5) Avoiding eye contact
Did you know people decide how trustworthy and competent you seem within seconds of meeting you? And one of the biggest factors? Eye contact.
If you constantly look away, stare at the floor, or avoid meeting someone’s gaze, it can make you seem uncertain or uncomfortable—even if you’re completely confident in what you’re saying.
Strong but natural eye contact signals confidence and authority. You don’t need to lock eyes the entire time, but looking at someone when you speak and listen helps build trust and makes your words carry more weight.
6) Being too afraid to ask questions
I used to think asking questions would make me look inexperienced. So instead, I’d stay quiet, nod along, and hope I could figure things out later.

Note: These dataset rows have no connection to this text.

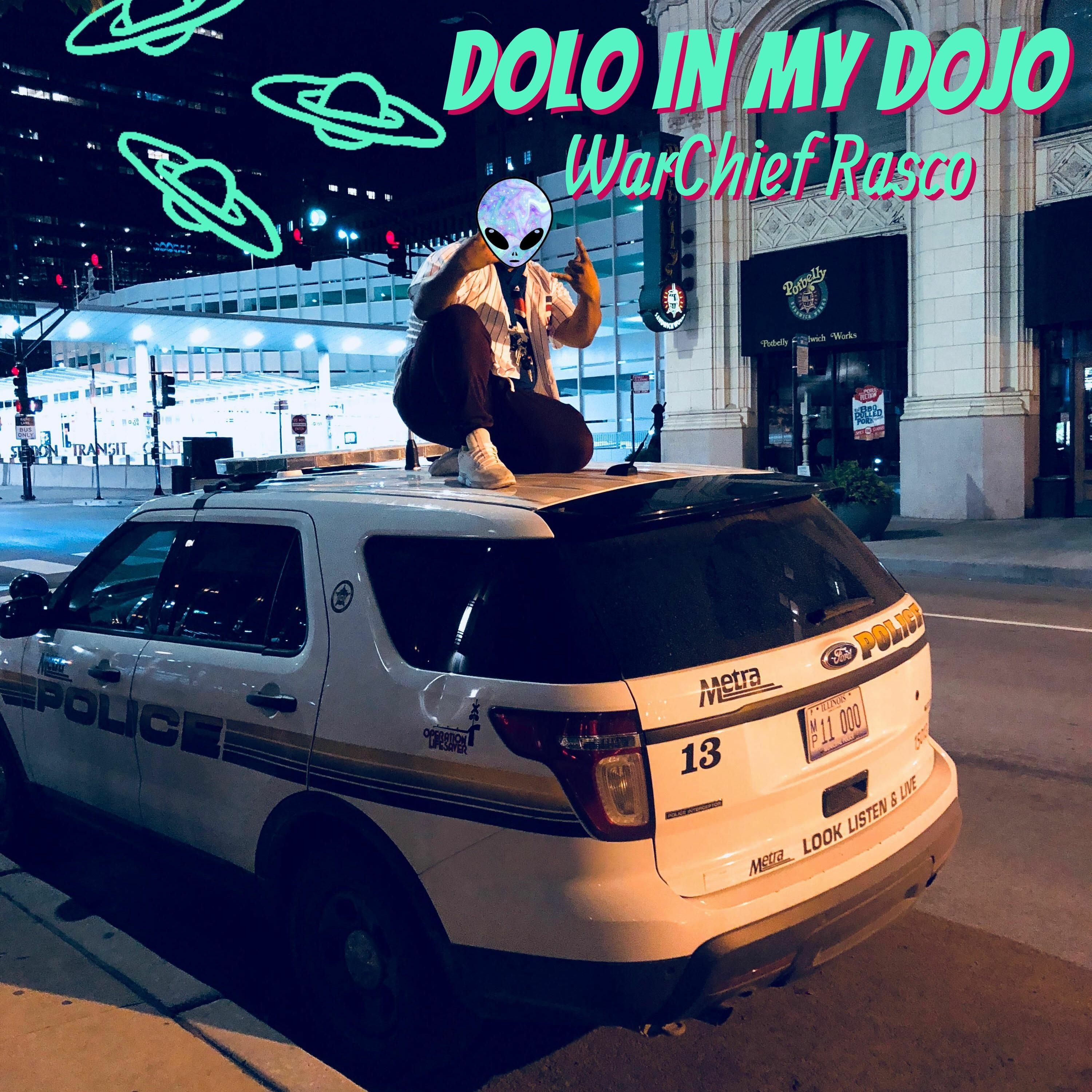 Dolo In My Dojo episode artwork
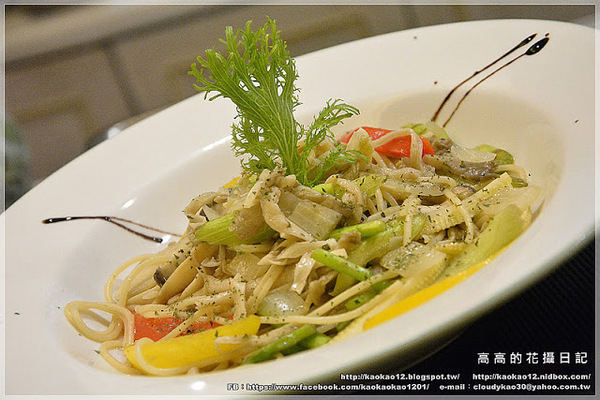 猶大獅廚 The little lion of Judah：【高雄】前金區。猶大獅廚 The little lion of Judah 義式料理餐廳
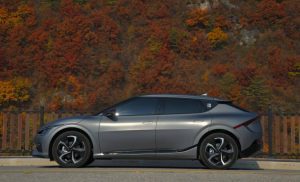 Canoo EV startup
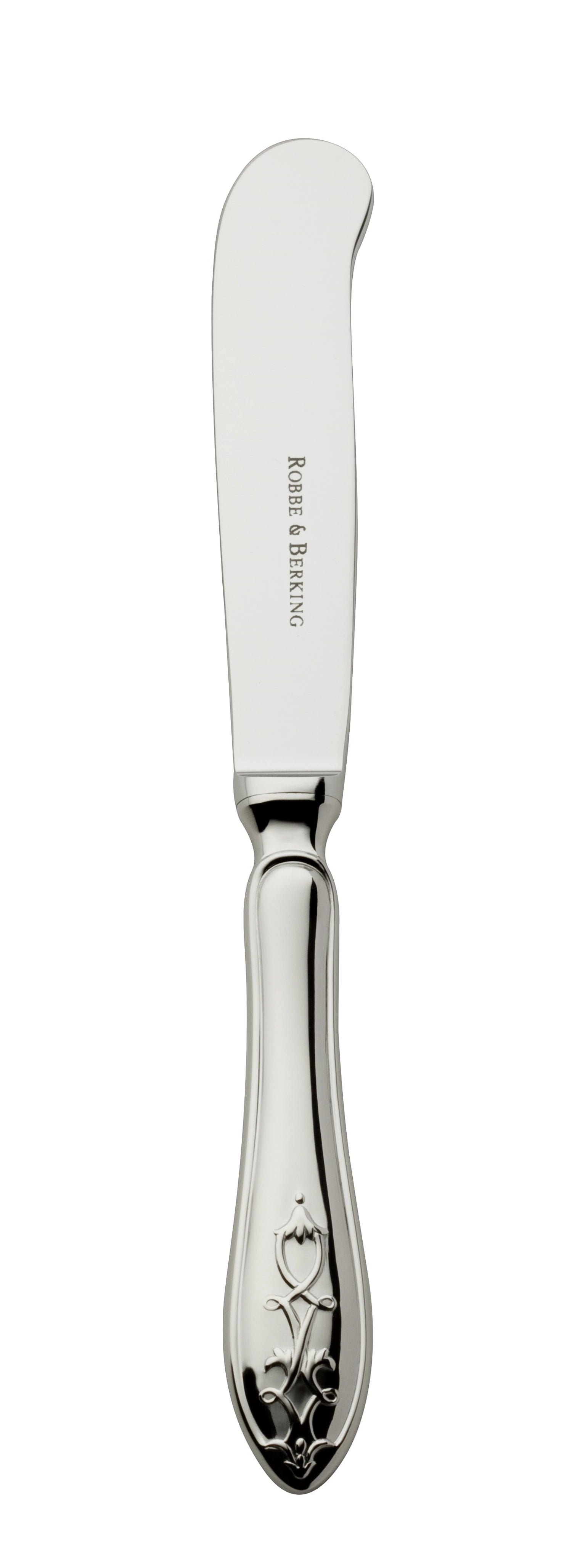 Jardin 18/8 Buttermesser mit Stahlklinge 20.2x2.1cm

But here’s what I’ve learned—people who ask thoughtful questions don’t look incompetent. They look engaged. Curious. Willing to learn.
No one expects you to have all the answers. And honestly? The most competent people aren’t the ones who pretend to know everything—they’re the ones who ask the right questions at the right time.
7) Second-guessing yourself out loud
Phrases like “I could be wrong, but…” or “This might be a dumb idea, but…” instantly weaken whatever you say next.
You might think you’re just being cautious, but all it does is make people doubt you—sometimes before they’ve even heard your full thought.
If you have an idea, share it with confidence. Let your words stand on their own. If there’s room for discussion, trust that others will engage with it—without you needing to undercut yourself first.
The bottom line
Competence isn’t just about what you know—it’s also about how you present yourself.
The good news? Small shifts in how you speak, carry yourself, and respond to situations can change the way others perceive you. And more importantly, how you perceive yourself.
Start paying attention to your habits. Notice when you downplay your ideas, rush through your words, or hesitate to take up space. The more aware you become, the easier it is to adjust.
Confidence isn’t about having all the answers—it’s about trusting that what you bring to the table is valuable. And when you do, others will too.